*** Begin section ***

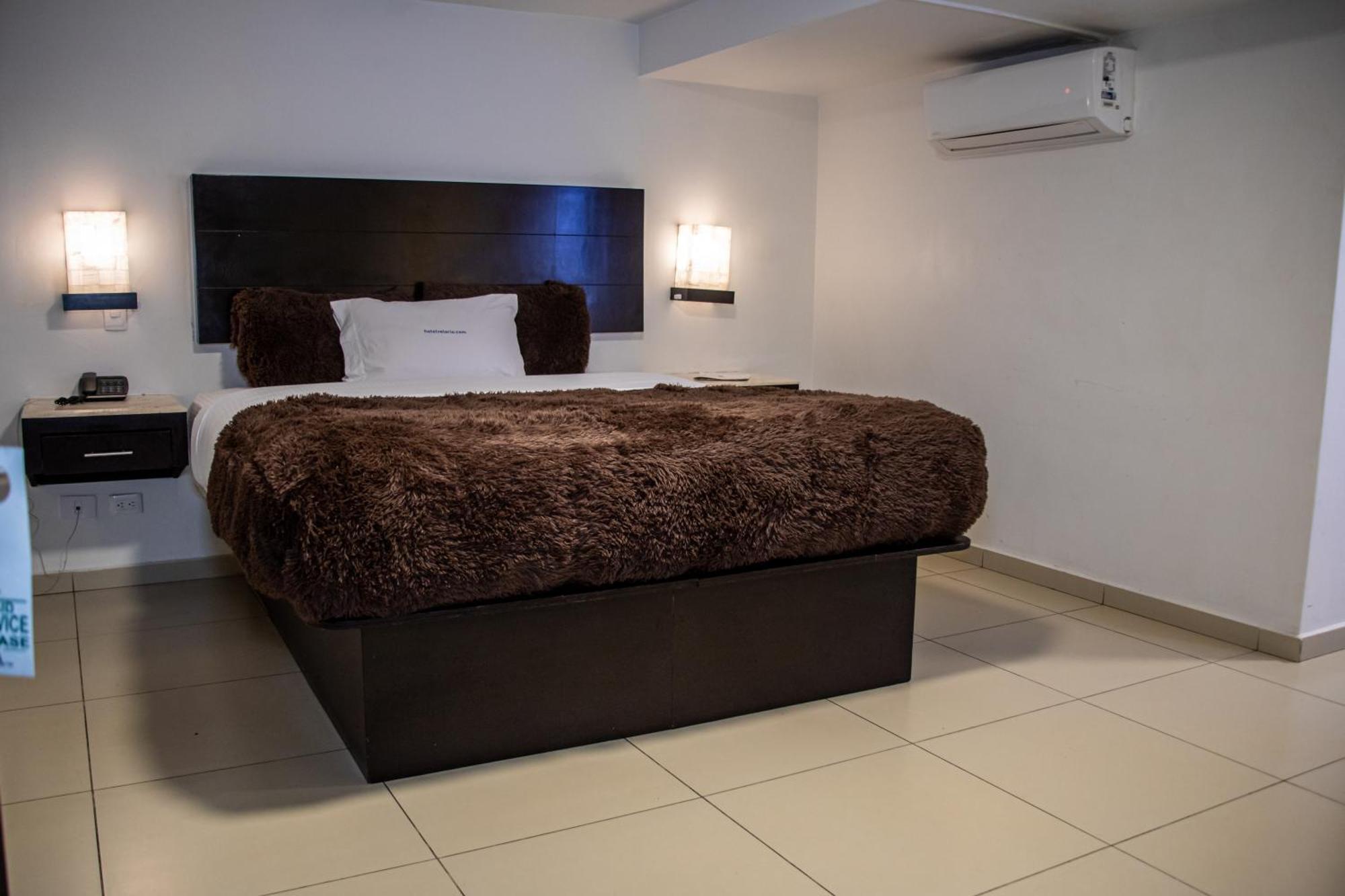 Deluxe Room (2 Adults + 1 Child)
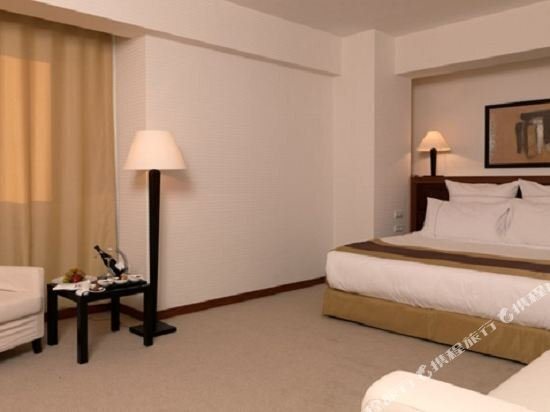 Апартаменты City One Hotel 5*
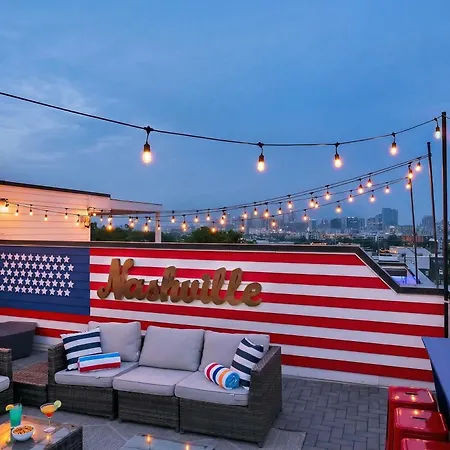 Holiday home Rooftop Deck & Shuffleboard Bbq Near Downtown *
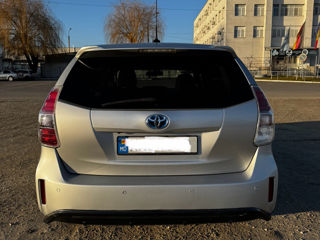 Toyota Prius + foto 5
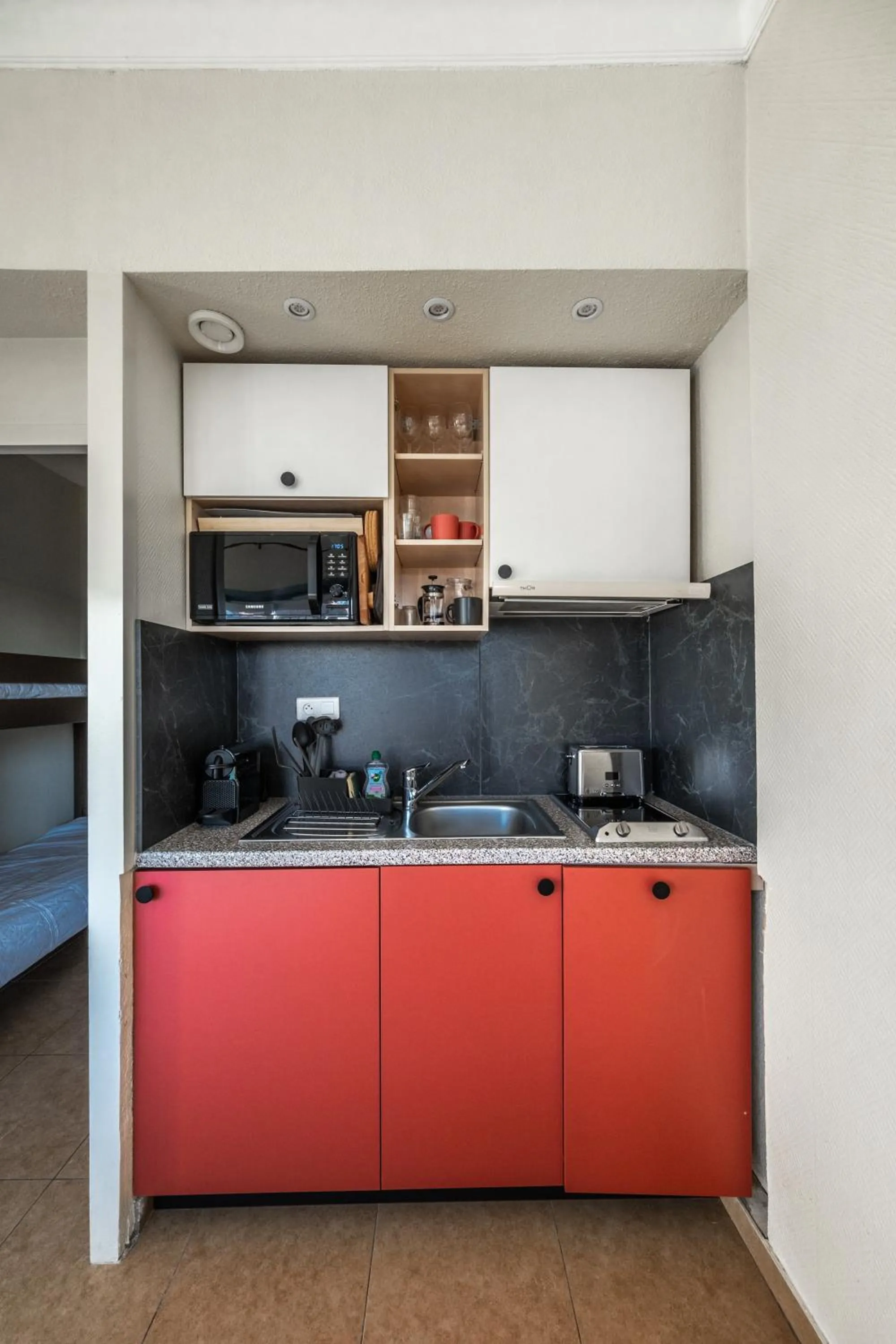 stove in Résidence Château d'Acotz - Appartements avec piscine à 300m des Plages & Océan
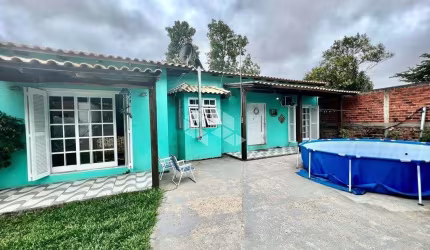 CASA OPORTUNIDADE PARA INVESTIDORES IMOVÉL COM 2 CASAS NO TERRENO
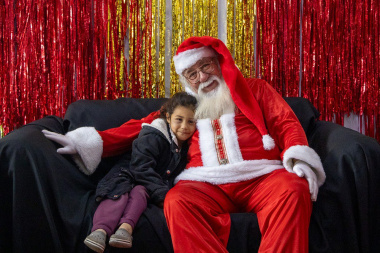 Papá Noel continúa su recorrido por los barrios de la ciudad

*** End section ***
*** Begin section ***

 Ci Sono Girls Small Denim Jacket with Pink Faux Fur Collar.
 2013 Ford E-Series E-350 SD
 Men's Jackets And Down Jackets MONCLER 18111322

*** End section ***
*** Begin section ***

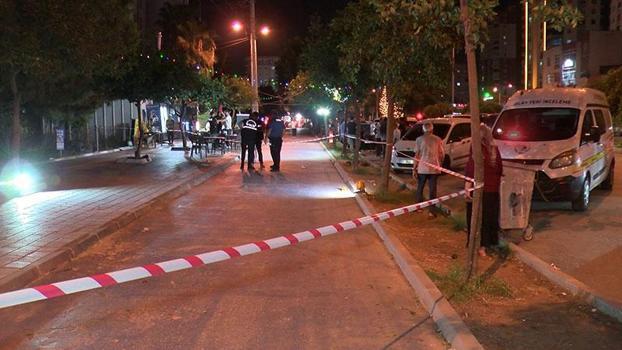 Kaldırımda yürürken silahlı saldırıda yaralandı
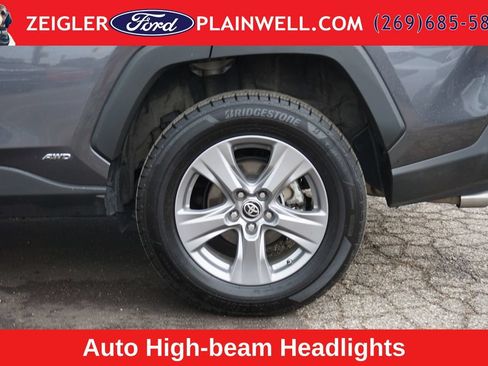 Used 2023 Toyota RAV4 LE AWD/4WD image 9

*** End section ***

■ What to produce ■
In the entries above, one line contains "Ci Sono Girls" and another contains "Men's Jackets And". Reproduce exactly those two lines and the lines between them, nothing else.

■ Finished exercise ■
 Ci Sono Girls Small Denim Jacket with Pink Faux Fur Collar.
 2013 Ford E-Series E-350 SD
 Men's Jackets And Down Jackets MONCLER 18111322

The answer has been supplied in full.